* [ABOUT THIS EXERCISE]: Retype exactly the stretch of lines that begins at the line containing "PrinStory Men's Pajamas" and ends at the last line of the data, with no other lines.

Short descriptive text snippets
====
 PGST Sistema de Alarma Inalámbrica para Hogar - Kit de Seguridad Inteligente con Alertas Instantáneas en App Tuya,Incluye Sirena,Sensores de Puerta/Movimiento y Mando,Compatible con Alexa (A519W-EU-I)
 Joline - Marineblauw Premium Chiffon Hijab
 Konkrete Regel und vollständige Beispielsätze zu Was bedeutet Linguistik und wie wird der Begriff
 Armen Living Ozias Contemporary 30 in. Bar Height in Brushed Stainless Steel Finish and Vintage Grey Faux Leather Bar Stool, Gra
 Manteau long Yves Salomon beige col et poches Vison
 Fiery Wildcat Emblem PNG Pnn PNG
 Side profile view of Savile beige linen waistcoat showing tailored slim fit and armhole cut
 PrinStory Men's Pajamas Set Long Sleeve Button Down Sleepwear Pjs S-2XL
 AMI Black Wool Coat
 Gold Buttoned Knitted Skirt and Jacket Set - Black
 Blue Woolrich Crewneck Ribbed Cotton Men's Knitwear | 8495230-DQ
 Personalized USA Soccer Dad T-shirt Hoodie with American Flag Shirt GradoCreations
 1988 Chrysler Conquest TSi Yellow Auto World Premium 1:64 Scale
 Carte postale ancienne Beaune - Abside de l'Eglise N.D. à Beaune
====
* [WRITTEN ANSWER]:
 PrinStory Men's Pajamas Set Long Sleeve Button Down Sleepwear Pjs S-2XL
 AMI Black Wool Coat
 Gold Buttoned Knitted Skirt and Jacket Set - Black
 Blue Woolrich Crewneck Ribbed Cotton Men's Knitwear | 8495230-DQ
 Personalized USA Soccer Dad T-shirt Hoodie with American Flag Shirt GradoCreations
 1988 Chrysler Conquest TSi Yellow Auto World Premium 1:64 Scale
 Carte postale ancienne Beaune - Abside de l'Eglise N.D. à Beaune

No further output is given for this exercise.